**THE TASK:** Return each line in the records below that includes "Kitchen".

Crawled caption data
--*--

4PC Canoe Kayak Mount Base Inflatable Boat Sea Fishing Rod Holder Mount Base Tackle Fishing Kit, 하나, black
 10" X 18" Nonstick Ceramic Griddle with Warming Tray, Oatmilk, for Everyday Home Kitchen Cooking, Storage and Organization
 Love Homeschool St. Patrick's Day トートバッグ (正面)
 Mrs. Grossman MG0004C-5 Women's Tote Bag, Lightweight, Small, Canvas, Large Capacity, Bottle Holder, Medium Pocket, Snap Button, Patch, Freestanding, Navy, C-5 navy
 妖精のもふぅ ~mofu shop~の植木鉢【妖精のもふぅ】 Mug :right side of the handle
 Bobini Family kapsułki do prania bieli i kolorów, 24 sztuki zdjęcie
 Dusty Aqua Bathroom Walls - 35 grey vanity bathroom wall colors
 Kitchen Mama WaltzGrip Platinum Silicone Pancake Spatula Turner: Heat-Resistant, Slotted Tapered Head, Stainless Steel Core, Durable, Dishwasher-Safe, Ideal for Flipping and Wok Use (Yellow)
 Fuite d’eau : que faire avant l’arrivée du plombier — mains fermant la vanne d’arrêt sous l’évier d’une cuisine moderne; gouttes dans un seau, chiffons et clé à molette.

--*--

**ANSWER:**
 10" X 18" Nonstick Ceramic Griddle with Warming Tray, Oatmilk, for Everyday Home Kitchen Cooking, Storage and Organization
 Kitchen Mama WaltzGrip Platinum Silicone Pancake Spatula Turner: Heat-Resistant, Slotted Tapered Head, Stainless Steel Core, Durable, Dishwasher-Safe, Ideal for Flipping and Wok Use (Yellow)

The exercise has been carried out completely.